Cyrano de Bergerac is not a comic character by any stretch, but he still gets all the best lines, because lacerating fools with satire is what he does when he isn’t slicing and dicing them with his sword. It’s an excellent choice of role for O’Connell to demonstrate a broader emotional skillset. We believe him as thoroughly when his heart is breaking as when he is slinging witticisms. In this version, Cyrano’s most boastworthy deeds happen offstage — the one-man fight against 100 footpads, the daily sneaking across enemy lines to deliver love letters — but his heroism on the microcosmic scale, when he swallows his passion for Roxane to facilitate her marriage to Christian, is all the more powerful for its understatement.
So it’s no surprise that O’Connell delivers, but the rest of the cast is terrific as well: Britney Simpson as a very sassy Roxane, Luis Quintero playing Christian as an ultimately sympathetic doofus and Nance Williamson and George Merrick in all the other roles. As usual, Williamson sails between male and female parts with ease, here mainly portraying Cyrano’s comrade (and in real life, his biographer) La Bret. Merrick makes great use of several different opportunities to be the funniest guy onstage, as a pretentious Montfleury, a well-meaning-but-klutzy Ragueneau and a scheming de Guiche. Director Meredith McDonough pulls all the components together with a crackling pace and plenty of, dare we say, panache.

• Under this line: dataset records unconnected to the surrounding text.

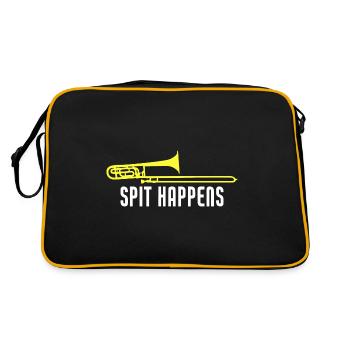 Funny Trombone Spit Happens Trombone Player - Retro Tasche - Schwarz/Gold - Hinten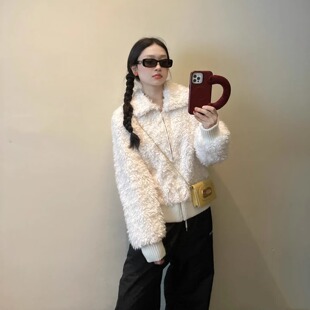 白色羊羔毛短外套女2025冬新款韩系软糯百搭环保皮草加厚毛绒上衣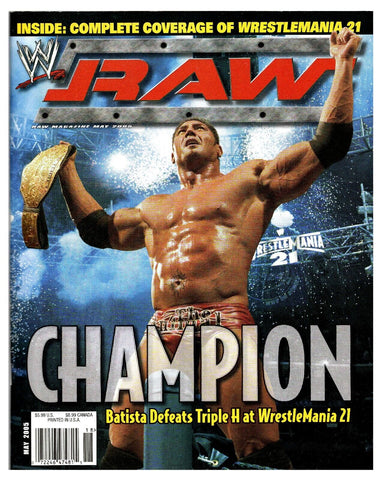 VINTAGE May 2005 WWE Raw Magazine Batista Triple H Wrestlemania 21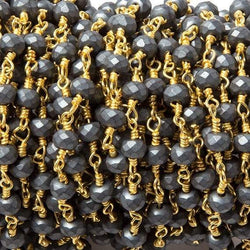 4mm Matte Hematite faceted rondelle Gold plated Chain by the foot 34 pcs (ONLINE ORDER ONLY)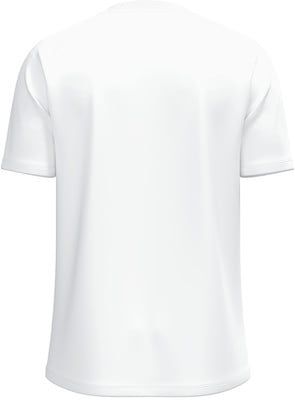 Rückansicht eines weißen T-Shirts mit kurzen Ärmeln und Rundhalsausschnitt. Rückansicht eines weißen T-Shirts mit kurzen Ärmeln und Rundhalsausschnitt.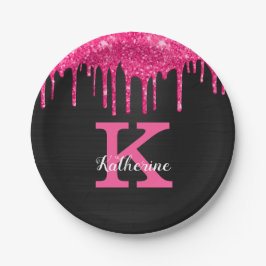 Girly Hot Pink Black Glitter Drivers Monogram Naam Papieren Bordje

Speaking of the historical Cyrano de Bergerac, it would appear from current scholarship that he was probably gay, probably not a Gascon at all but a Parisian, had a great-great-grandfather who was burned at the stake for putting up posters making fun of the Roman Catholic dogma of transubstantiation and — most surprising of all — wrote what is probably the earliest science fiction story involving someone traveling to the Moon using rockets (well, a large quantity of firecrackers). Maybe his unrequited love for his spirited, beautiful, intellectual cousin wasn’t really the driving force in his life; but we should be grateful that his existence inspired so many different iterations on stage and screen, attracting the interest of so many fine actors.